Come sempre lo sport, così come la musica, è un formidabile elemento di coesione trasformandosi in un semplice ma efficace collante sociale. Una serata tra Italiani all'estero non può non concludersi in una pizzeria che non manca mai neanche nei più remoti angoli del continente.
Le autorità macedoni si lamentano spesso dell'eccessiva permeabilità dei confini con il Kosovo attraverso i quali transita ogni sorta di commercio illecito. E ' qui che mi trasferisco per una breve appendice del viaggio.
La primavera è in ritardo sulle colline che separano Skopje da Pristina.

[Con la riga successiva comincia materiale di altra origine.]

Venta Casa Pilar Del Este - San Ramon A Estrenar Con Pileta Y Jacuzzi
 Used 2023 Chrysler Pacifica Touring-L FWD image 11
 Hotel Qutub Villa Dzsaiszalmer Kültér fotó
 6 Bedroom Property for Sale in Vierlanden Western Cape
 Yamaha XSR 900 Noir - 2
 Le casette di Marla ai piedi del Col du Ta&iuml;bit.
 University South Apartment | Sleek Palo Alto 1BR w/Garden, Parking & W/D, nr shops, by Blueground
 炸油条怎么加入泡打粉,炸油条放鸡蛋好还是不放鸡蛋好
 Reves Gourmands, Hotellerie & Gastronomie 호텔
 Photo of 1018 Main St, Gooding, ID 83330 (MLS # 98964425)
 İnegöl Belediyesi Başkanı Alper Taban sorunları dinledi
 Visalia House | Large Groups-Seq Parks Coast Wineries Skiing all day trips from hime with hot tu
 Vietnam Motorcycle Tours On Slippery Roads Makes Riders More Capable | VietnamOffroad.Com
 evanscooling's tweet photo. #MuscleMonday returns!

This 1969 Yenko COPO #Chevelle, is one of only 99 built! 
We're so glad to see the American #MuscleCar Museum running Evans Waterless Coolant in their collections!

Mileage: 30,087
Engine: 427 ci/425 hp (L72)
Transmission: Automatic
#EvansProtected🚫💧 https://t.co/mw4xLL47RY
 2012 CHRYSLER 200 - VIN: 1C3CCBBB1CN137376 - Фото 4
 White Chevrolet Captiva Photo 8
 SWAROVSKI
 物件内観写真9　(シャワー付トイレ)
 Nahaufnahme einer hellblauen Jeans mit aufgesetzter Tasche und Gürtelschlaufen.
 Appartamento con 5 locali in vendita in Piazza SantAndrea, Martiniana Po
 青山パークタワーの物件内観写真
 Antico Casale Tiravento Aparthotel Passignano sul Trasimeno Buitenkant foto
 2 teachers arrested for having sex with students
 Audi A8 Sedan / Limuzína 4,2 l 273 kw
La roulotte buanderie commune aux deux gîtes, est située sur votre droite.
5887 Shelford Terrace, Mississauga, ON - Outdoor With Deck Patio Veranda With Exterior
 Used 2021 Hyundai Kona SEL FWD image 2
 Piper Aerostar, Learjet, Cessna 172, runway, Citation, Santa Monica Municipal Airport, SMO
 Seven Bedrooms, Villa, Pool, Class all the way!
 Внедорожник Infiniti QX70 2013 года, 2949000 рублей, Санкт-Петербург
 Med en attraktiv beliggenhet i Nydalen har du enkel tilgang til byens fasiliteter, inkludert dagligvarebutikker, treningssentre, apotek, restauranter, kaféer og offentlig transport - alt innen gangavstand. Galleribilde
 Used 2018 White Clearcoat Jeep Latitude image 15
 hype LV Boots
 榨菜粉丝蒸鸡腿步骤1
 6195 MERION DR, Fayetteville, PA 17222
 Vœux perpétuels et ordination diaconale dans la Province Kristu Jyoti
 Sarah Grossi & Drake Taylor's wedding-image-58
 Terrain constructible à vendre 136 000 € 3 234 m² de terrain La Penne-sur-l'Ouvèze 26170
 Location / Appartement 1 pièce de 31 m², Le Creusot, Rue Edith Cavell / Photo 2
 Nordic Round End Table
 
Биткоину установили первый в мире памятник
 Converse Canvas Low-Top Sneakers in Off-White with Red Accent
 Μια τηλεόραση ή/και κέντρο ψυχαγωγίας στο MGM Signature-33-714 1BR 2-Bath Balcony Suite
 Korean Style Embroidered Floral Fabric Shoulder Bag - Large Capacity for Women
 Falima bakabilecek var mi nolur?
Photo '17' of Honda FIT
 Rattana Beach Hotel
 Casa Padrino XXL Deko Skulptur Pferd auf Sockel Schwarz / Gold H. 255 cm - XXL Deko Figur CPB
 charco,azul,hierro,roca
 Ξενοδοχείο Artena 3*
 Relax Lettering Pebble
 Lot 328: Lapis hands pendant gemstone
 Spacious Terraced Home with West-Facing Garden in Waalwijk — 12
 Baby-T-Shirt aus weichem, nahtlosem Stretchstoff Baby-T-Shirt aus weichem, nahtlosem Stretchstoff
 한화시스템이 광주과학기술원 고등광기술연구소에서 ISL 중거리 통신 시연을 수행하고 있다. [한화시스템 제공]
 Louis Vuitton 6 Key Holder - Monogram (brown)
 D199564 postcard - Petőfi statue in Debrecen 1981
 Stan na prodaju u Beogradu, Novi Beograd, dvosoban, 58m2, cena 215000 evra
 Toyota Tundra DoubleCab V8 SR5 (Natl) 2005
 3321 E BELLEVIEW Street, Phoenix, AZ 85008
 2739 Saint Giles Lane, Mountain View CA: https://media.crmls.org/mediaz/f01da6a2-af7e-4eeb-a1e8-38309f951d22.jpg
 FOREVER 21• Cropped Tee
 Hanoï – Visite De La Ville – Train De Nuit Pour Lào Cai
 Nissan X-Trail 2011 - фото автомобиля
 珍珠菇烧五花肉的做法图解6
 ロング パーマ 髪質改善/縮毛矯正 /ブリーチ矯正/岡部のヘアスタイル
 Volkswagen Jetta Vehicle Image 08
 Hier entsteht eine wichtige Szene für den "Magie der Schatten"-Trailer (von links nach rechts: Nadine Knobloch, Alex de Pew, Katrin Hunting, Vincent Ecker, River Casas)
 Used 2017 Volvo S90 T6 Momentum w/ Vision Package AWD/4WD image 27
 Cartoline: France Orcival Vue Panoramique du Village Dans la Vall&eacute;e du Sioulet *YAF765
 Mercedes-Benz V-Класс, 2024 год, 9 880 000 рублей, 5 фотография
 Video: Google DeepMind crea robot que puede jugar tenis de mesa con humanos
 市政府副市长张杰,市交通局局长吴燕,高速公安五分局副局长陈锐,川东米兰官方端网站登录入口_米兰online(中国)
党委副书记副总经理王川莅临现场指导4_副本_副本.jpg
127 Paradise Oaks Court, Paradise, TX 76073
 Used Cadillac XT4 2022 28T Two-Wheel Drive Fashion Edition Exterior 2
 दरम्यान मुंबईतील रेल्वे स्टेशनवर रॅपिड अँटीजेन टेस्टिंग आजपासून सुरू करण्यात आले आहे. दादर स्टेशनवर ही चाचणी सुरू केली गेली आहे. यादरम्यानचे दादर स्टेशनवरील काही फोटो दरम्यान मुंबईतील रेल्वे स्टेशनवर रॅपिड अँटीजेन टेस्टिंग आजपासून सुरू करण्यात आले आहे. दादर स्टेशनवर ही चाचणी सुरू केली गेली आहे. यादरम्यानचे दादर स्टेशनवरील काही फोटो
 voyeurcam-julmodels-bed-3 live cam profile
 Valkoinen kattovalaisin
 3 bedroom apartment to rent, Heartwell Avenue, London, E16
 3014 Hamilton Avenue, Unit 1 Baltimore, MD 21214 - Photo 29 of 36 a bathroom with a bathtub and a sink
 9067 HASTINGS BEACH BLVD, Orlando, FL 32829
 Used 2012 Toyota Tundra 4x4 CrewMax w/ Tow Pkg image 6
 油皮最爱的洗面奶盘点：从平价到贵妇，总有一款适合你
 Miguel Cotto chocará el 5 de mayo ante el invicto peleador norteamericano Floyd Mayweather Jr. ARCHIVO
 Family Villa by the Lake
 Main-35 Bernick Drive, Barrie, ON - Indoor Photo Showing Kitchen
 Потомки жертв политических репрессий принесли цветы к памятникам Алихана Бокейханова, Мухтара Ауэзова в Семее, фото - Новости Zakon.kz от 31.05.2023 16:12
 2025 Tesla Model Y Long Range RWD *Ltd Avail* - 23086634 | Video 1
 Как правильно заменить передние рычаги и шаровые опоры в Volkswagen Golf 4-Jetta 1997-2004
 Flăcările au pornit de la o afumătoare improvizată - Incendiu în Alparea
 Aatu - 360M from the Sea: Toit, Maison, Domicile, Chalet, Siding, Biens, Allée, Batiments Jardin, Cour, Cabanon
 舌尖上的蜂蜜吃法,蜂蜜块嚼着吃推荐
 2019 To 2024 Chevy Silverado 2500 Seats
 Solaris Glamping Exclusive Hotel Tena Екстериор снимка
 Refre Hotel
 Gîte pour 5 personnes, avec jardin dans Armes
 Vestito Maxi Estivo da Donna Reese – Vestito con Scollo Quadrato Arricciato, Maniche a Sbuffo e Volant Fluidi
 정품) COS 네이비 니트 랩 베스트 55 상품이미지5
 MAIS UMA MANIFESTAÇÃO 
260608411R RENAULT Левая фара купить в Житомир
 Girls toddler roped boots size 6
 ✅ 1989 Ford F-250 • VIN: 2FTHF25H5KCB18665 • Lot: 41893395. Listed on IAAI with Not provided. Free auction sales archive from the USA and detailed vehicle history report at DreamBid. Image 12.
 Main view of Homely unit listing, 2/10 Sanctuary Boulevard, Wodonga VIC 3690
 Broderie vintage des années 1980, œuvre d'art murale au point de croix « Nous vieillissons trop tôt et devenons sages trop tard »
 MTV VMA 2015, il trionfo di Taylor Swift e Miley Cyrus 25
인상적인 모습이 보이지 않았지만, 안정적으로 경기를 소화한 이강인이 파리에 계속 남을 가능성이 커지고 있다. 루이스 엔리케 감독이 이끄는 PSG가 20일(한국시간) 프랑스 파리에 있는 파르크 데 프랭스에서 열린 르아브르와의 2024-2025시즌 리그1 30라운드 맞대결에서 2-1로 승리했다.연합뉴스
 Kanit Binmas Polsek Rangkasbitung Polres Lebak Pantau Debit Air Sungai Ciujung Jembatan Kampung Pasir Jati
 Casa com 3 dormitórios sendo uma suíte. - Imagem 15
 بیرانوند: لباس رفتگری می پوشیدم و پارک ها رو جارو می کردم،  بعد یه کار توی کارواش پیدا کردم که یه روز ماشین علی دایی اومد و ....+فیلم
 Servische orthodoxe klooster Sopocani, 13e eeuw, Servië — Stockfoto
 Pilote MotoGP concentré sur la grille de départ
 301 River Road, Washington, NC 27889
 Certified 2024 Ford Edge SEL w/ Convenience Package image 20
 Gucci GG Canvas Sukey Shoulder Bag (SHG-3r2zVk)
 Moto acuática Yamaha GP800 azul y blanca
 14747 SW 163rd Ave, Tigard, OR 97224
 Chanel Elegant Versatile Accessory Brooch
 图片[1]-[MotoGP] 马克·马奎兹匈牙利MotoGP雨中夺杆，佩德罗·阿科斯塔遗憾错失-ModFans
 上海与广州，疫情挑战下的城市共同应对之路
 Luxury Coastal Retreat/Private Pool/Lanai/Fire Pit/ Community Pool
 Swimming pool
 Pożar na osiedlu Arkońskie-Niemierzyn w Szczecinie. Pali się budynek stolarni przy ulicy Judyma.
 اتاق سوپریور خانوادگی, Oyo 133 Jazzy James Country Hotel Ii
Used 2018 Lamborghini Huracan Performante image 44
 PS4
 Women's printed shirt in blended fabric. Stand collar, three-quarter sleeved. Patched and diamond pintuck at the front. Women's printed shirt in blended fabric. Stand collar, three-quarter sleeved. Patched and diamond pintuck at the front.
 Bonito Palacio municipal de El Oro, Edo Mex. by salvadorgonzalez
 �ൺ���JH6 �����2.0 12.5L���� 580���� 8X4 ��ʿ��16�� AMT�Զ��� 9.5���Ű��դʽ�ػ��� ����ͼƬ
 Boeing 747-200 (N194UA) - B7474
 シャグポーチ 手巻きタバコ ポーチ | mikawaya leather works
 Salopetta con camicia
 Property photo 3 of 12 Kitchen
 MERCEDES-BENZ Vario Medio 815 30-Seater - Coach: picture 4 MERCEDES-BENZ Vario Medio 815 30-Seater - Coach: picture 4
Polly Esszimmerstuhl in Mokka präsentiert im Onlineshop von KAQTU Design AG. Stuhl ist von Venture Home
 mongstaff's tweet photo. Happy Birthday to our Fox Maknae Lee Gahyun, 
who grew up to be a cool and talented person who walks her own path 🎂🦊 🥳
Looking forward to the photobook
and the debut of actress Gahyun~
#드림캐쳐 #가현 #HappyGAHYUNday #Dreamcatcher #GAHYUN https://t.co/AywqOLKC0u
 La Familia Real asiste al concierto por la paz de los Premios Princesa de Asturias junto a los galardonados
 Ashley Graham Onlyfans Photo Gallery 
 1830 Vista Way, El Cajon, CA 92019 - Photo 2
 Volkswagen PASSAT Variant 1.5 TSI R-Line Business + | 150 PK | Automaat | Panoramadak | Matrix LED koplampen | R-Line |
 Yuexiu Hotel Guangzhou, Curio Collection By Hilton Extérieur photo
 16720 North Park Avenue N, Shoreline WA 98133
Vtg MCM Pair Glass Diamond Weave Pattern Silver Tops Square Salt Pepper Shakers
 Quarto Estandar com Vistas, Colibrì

I minareti che caratterizzavano fino a pochi anni fa il paesaggio non attirano più l'occhio catturato adesso dai colori vistosi e stonati delle nuove ville costruite con le rimesse degli emigranti. Il Kosovo è un immenso cantiere ma nonostante i massicci aiuti internazionali l'economia locale è ancora ferma al palo. La terra è buona ma i pomodori arrivano dalla Turchia, i cetrioli dalla Grecia e l'aglio dalla Cina. La disoccupazione è al 60% eppure si vive in modo più che dignitoso.
Da queste parti i dati economici sono una speculazione filosofica. Entro la fine dell'anno potrebbe decidersi lo status del Kosovo tuttora retto dal protettorato delle Nazioni Unite dopo la guerra del 1999. «Indipendenza condizionata» è la formula che circola più correntemente negli ambienti internazionali. Si tratta di vincolare il passaggio alla piena sovranità al soddisfacimento di alcune clausole, in particolare il rispetto delle minoranze ed il ritorno dei profughi. I Kosovari sono impazienti di poter prendere in mano il proprio destino liberandosi per sempre dell'ossessione di Belgrado ma la comunità internazionale non si fida ancora e vuole gesti concreti.
La Serbia, inoltre, non sembra disponibile ad alcuna concessione. Incontriamo il primo ministro Kosumi che recentemente ha preso il posto di Haradinaj incriminato dal Tribunale Penale Internazionale per i Crimini di Guerra nella ex Jugoslavia. Ci ribadisce il suo impegno per un paese aperto e democratico.
Le organizzazioni internazionali, intanto, stanno gradualmente preparando il disimpegno. L'emergenza sembra conclusa e nel frattempo in altri angoli del mondo sono scoppiate altre crisi. Il Kosovo non fa più notizia.
Durante il volo che da Pristina mi porta a Vienna il pilota annuncia l'itinerario. I muri terrestri si allungano fino al cielo. Lo spazio aereo serbo, infatti,è precluso agli aerei in partenza dal Kosovo che sono così obbligati ad allungare la rotta su Bulgaria e Romania.
Ad ognuno il suo pezzo di terra ed il suo pezzo di cielo. Ma almeno il paradiso sarà in comune?